Dad, you're a good man, an honest man, a man who provided for his family, but you're a ######6 ignorant idiot who made a MAJOR miscalculation about life and raising a family. ###$ you for telling me that I didn't meet your expectations and that you didn't know I was going to turn out 'this way'. ###$ you for telling me that you never even wanted me and that mom decided to have a third child, you, weak, ###$. You're respectable as a person, decent as a provider, but WORTHLESS as a husband and father. You are too sad of a man. You did it just to prove to yourself that you WEREN'T the weak/sad ###$ that you actually are. What kind of man brings his sadness home to his family? Not one vacation, not one family dinner, not one ######6 thing have you EVER planned for this family. You stupid weak sad ######6 child. ###$ you for teaching me to be afraid of life, of actually telling me "Yes, be very afraid of life." ###$ you for having me.
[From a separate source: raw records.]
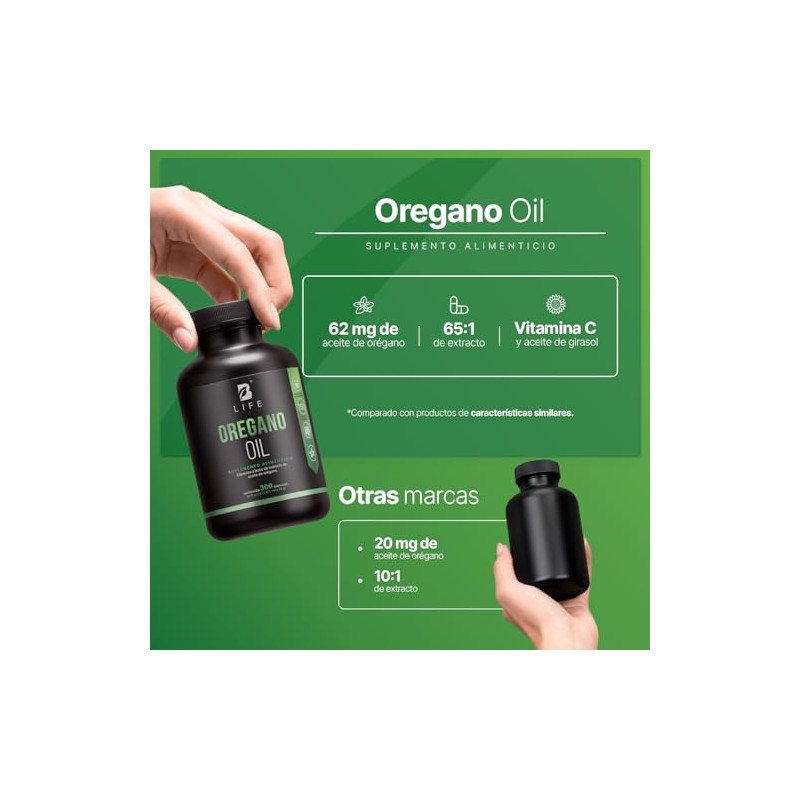 B Life Aceite de Orégano de 300 Softgels Suplemento Alimenticio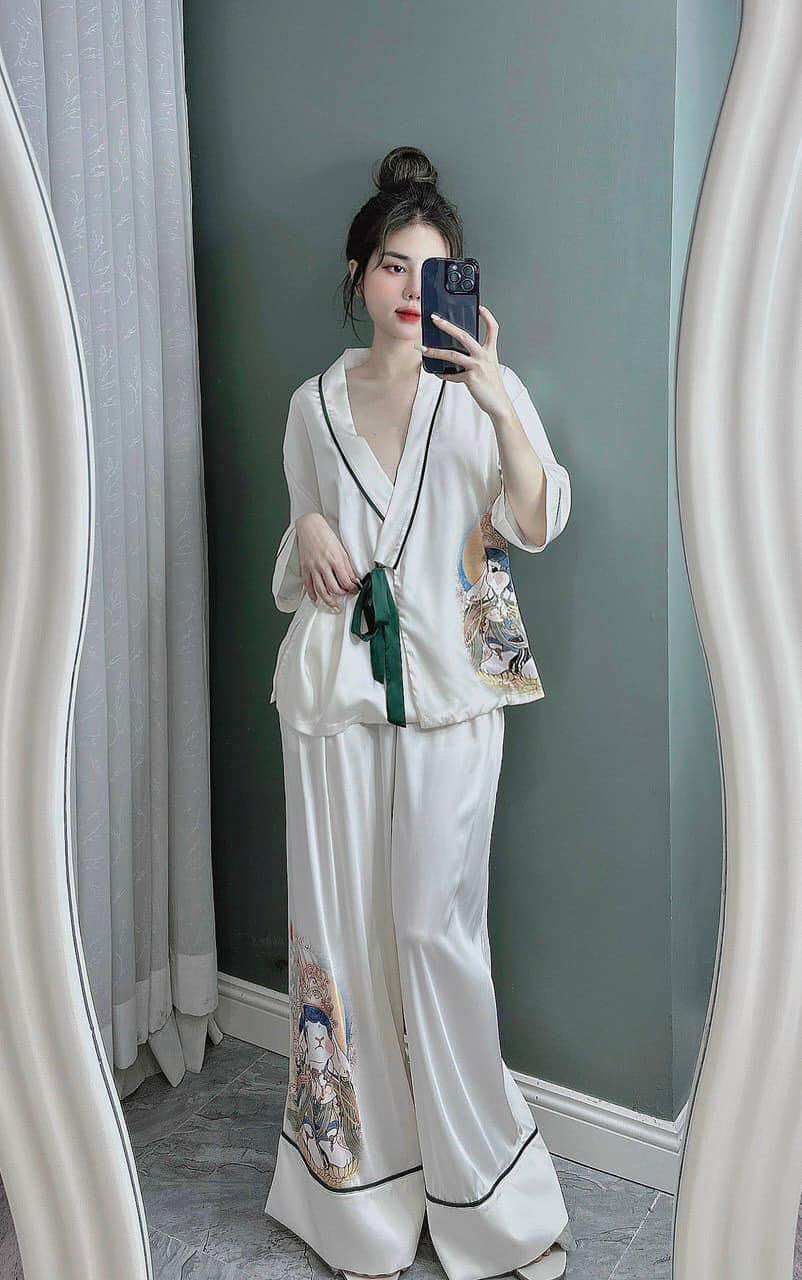 Đồ bộ nữ pijama lụa xước kiểu dáng kimono dễ thương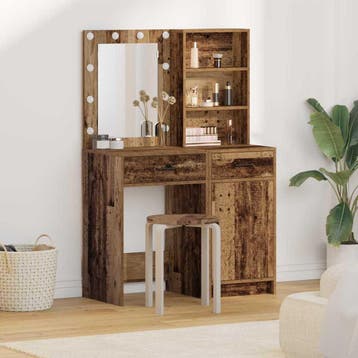 vidaXL Make-up tafel set met LED 2 st Oudhout Bewerkt hout, Verzenden, Nieuw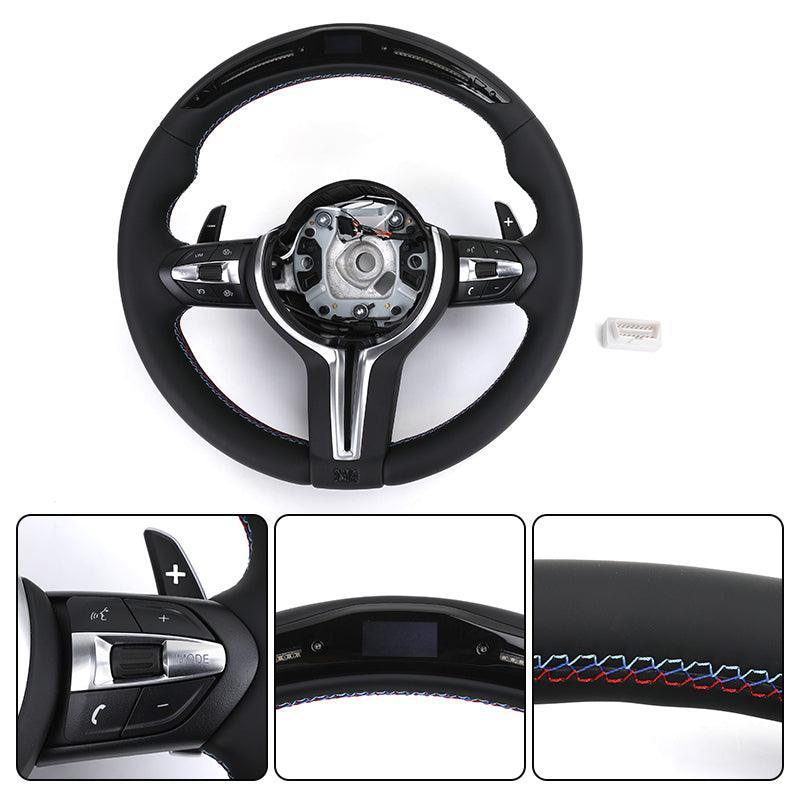 With Carbon Trim M Performance Alcantara Steering Wheel for BMW F10 F30 X3M F97 F25 F26 X5 F15 F16 F31 M2 F87 X5M E70 320i 340i - YunLexus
Mom, thanks for caring for me, but you were too unstable as a mother. You never showed interest and always made me feel like a worthless $#%^ because I wasn't thin and active like your worthless gambler friend's son. You always remembered to make sure I never forgot how worthless I am. You ruined my childhood. You made me pay for your husbands ignorance. You punished me because you were too weak to go up against him. ###$ you for emotionally scarring and destroying me, you stupid superstitious emotionally indifferent bitch. ###$ you for telling me that having kids was just a responsibility for you. That it was a task, a chore to do, that you had really no interest in being a mother but was forced into it because you were weak ###$. I don't want to know you anymore.
I'm tired of this disease called life.